Py is a stream cipher submitted to eSTREAM by Eli Biham and Jennifer Seberry. It is one of the fastest eSTREAM candidates at around 2.6 cycles per byte on some platforms. It has a structure a little like RC4, but adds an array of 260 32-bit words which are indexed using a permutation of bytes, and produces 64 bits in each round.

The authors assert that the name be pronounced "Roo", a reference to the cipher's Australian origin, by reading the letters "Py" as Cyrillic (Ру) rather than Latin characters. This somewhat perverse pronunciation is understood to be their answer, in jest, to the difficult-to-pronounce name Rijndael for the cipher which was adopted as the Advanced Encryption Standard.
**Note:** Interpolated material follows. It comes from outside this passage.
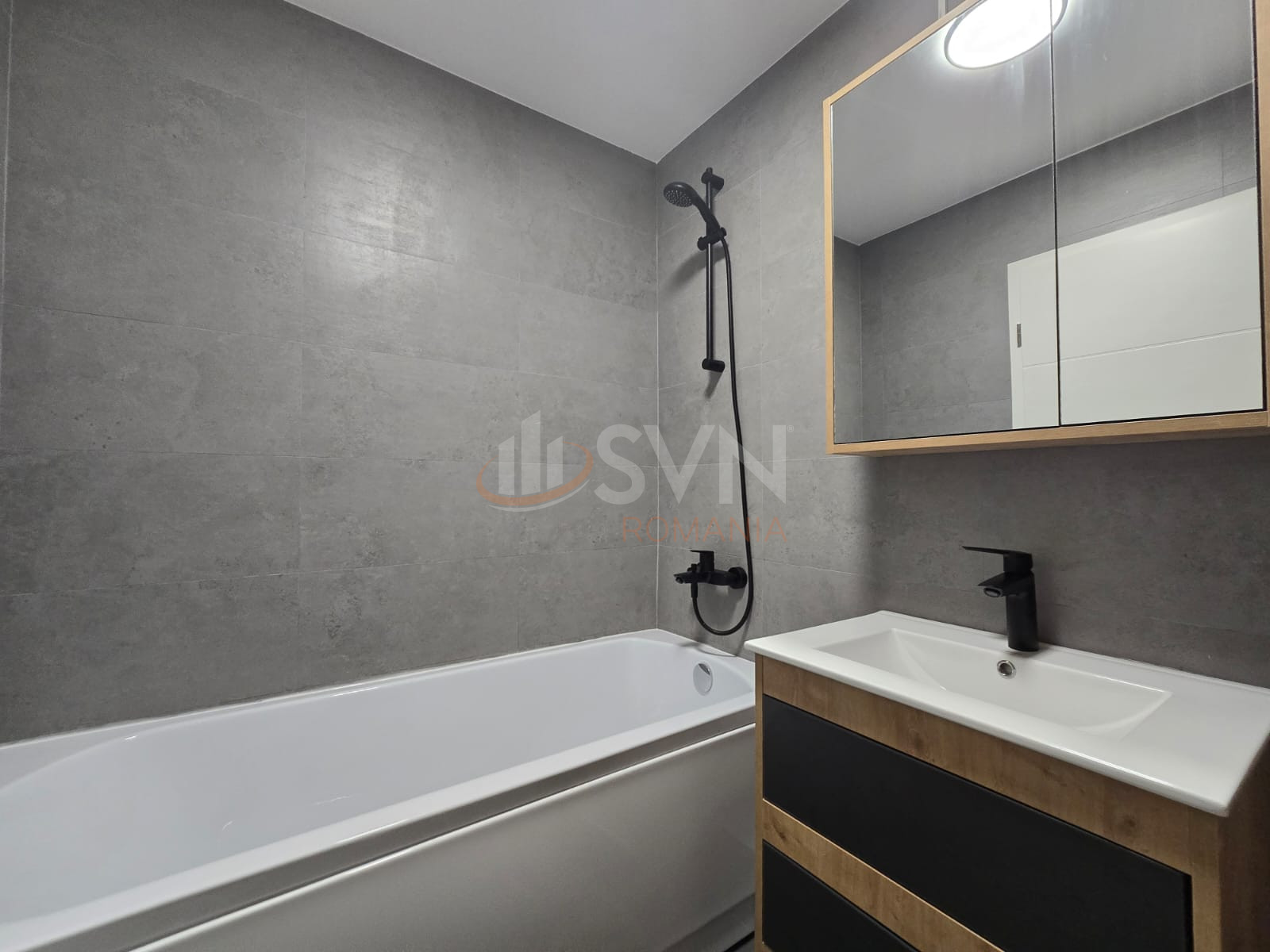 Apartament, 2 camere Bucuresti/Lacul Tei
- The original April 2005 proposal included the cipher Py, and a simplified version Py6. The latter reduces the size of some internal tables, providing greatly reduced key scheduling cost, at the expense of a shorter maximum output length.
- In June 2006, the authors described Pypy (even more confusingly, half-Cyrillic Pyру and thus pronounced "Pyroo") as an optional stronger variant. This omits one of the output words from each iteration of Py, and thus operates at about 0.6 times the speed of Py.
- In January 2007, the key schedule algorithm was changed, producing "tweaked" variants TPy, TPypy and TPy6. To be precise, the first (key-dependent) phase is unmodified, but the second (IV setup) phase has an error corrected. The round functions used to produce output are identical.
- At Indocrypt 2007, Gautham Sekar, Souradyuti Paul and Bart Preneel proposed two new ciphers RCR-32 and RCR-64 based on the design principles of Pypy and Py, respectively. These replace a variable rotate in Py with a fixed rotate, eliminating an attack and speeding up the cipher slightly. The TPy key schedule is used unmodified.
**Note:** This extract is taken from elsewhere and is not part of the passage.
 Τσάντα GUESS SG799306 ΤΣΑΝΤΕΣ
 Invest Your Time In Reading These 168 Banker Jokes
==Attacks on the Py-family ==
As of 2006, the best cryptanalytic attack on Py (by Hongjun Wu and Bart Preneel) can under some circumstances (e.g. where the IV is much longer than the key) recover the key given partial keystreams for 2^{24} chosen IVs .
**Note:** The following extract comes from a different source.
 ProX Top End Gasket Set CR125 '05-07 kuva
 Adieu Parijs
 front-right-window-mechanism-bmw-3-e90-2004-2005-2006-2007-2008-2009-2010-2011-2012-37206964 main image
In a more difficult scenario from the point of view of attacker, given only known plaintext (rather than chosen plaintext), there is also a distinguishing attack on the keystream (by Paul Crowley) which requires around 2^{72} bytes of output and comparable time. This is an improvement on an attack presented by Gautham Sekar, Souradyuti Paul and Bart Preneel which requires 2^{88} bytes. There is a still a debate whether these attacks constitute an academic break of Py. When the attackers claim that the above attacks can be built with workload less than the exhaustive search under the design specifications of Py and therefore, it is clearly a theoretical break of the cipher, the designers rule out the attacks because Py's security bounds limit any attacker to a total of 2^{64} bytes of output across all keystreams everywhere. A recent revision of the Paul, Preneel, and Sekar paper includes a detailed discussion of this issue in section 9. There are no doubts about the legitimacy of the Wu and Preneel attack.

Py was selected as Phase 2 Focus Candidate for Profile 1 (software) by the eSTREAM project but did not advance to Phase 3 due to the Wu and Preneel chosen IV attack. .

In January 2007, three new ciphers namely TPy, TPypy and TPy6 have been proposed by the designers of Py to eliminate the above attacks. The TPy is still vulnerable against the above distinguishing attacks by Paul et al. (complexity 2^{88}) and Crowley (complexity 2^{72}), which do not depend on the key schedule. The best attack so far on the TPypy, which is conjectured to be the strongest of the Py-family of ciphers, is by Sekar et al. which is a distinguishing attack with data complexity 2^{281}. This attack is only meaningful if the key-size of TPypy is longer than 281 bits.

To remove attacks on TPy and TPypy, Sekar, Paul and Preneel at Indocrypt 2007 gave proposals for two new ciphers RCR-32 and RCR-64. So far there are no attacks against the RCR-32 and RCR-64.

==Round functions==

Py is based on the idea of "sliding arrays": arrays are indexed relative to a start pointer, which is advanced by one word each round. Where modulo indexing is available (hardware, and many digital signal processors), these can be implemented as circular buffers. In software, these are most easily implemented as large arrays. When the end of the array is reached, the working portions are copied back to the beginning and operations continue.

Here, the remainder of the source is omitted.